Supplied records:
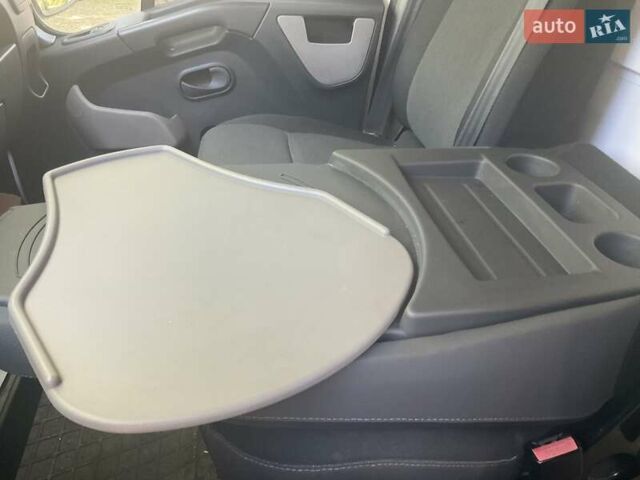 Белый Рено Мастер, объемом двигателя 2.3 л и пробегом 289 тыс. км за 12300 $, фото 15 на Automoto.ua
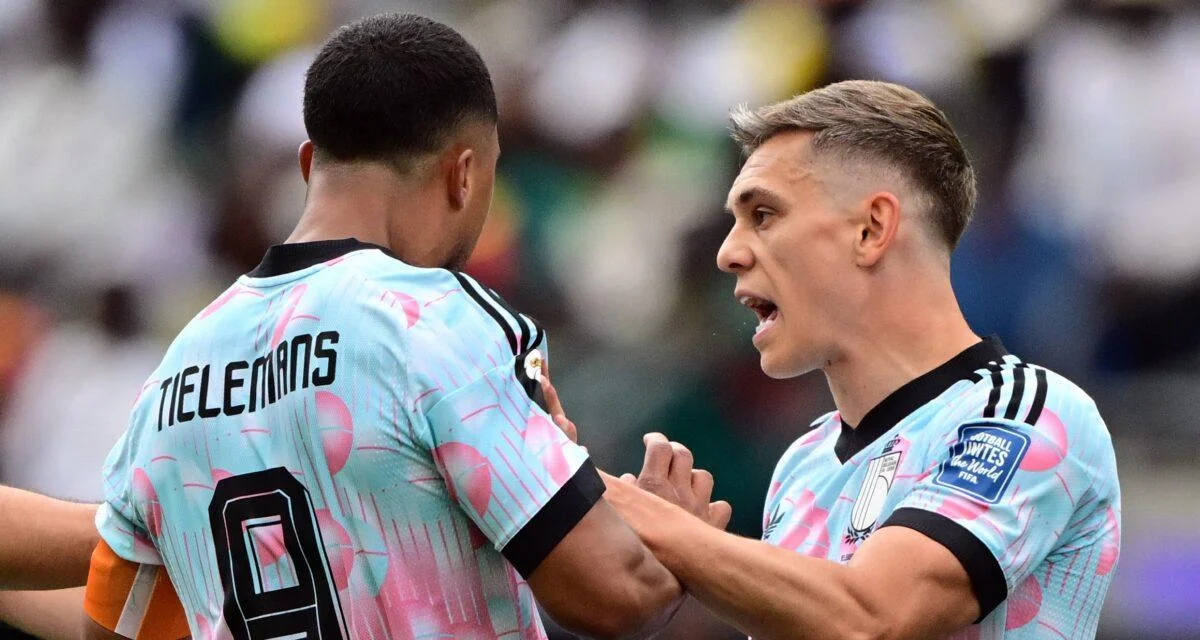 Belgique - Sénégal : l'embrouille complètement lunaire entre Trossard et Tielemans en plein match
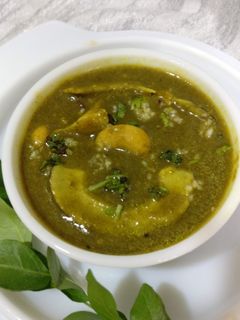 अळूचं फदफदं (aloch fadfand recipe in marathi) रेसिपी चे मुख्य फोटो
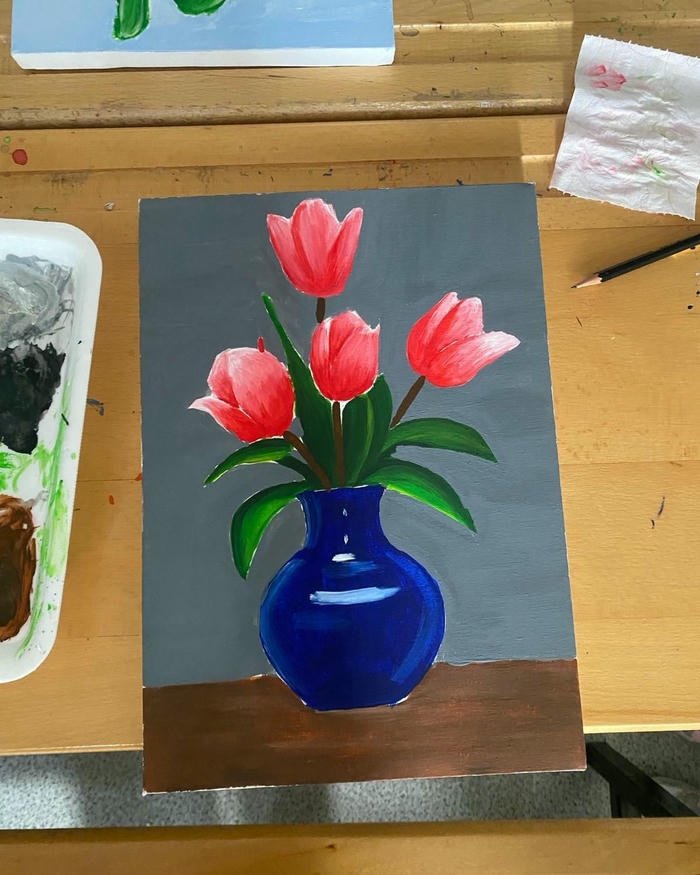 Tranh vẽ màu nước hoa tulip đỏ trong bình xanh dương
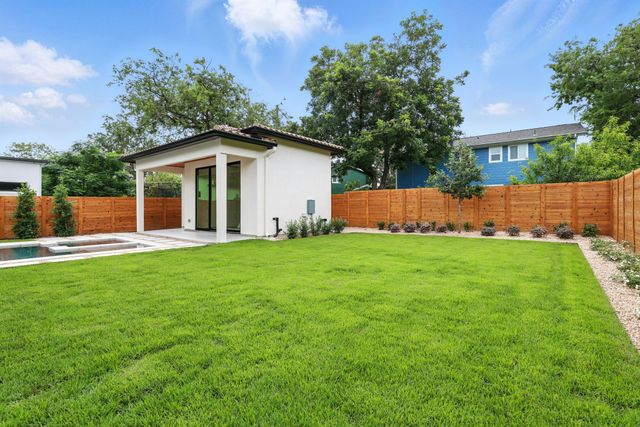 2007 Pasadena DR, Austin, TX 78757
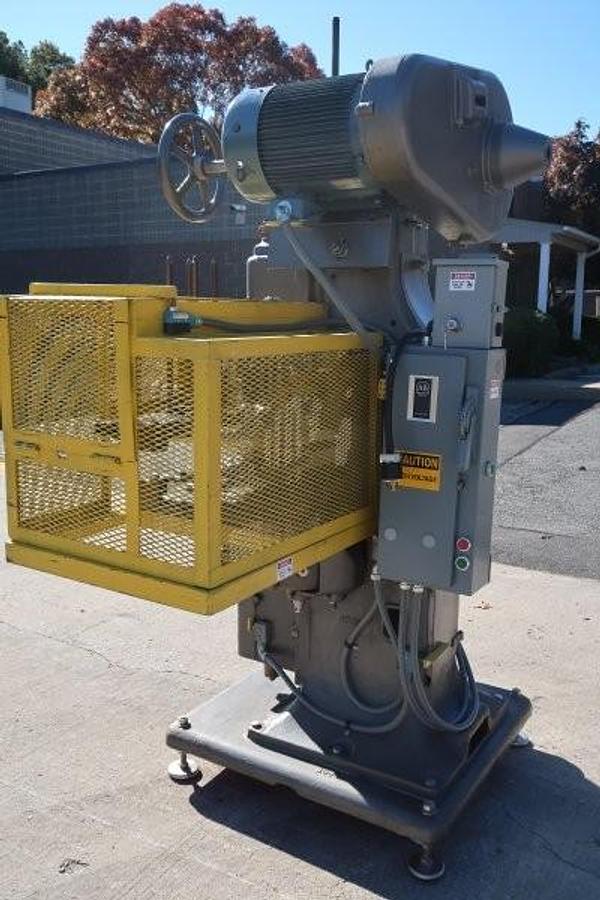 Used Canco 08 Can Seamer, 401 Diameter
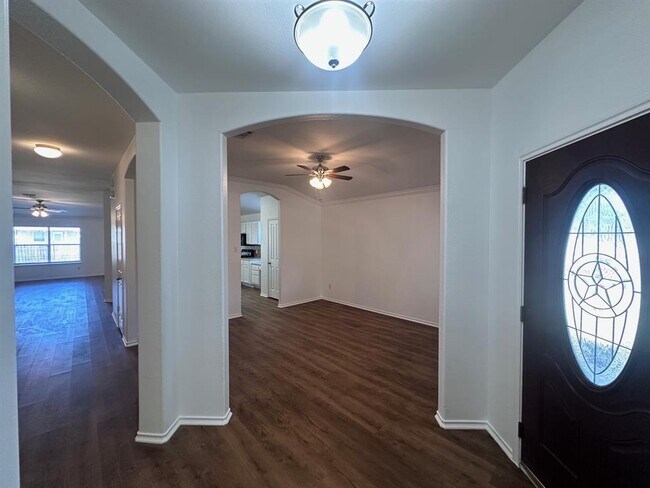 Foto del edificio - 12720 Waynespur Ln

Goal of the exercise: When restating the records word for word, omit any picture they contain.

Response to this task:
 Белый Рено Мастер, объемом двигателя 2.3 л и пробегом 289 тыс. км за 12300 $, фото 15 на Automoto.ua
 Belgique - Sénégal : l'embrouille complètement lunaire entre Trossard et Tielemans en plein match
 अळूचं फदफदं (aloch fadfand recipe in marathi) रेसिपी चे मुख्य फोटो
 Tranh vẽ màu nước hoa tulip đỏ trong bình xanh dương
 2007 Pasadena DR, Austin, TX 78757
 Used Canco 08 Can Seamer, 401 Diameter
 Foto del edificio - 12720 Waynespur Ln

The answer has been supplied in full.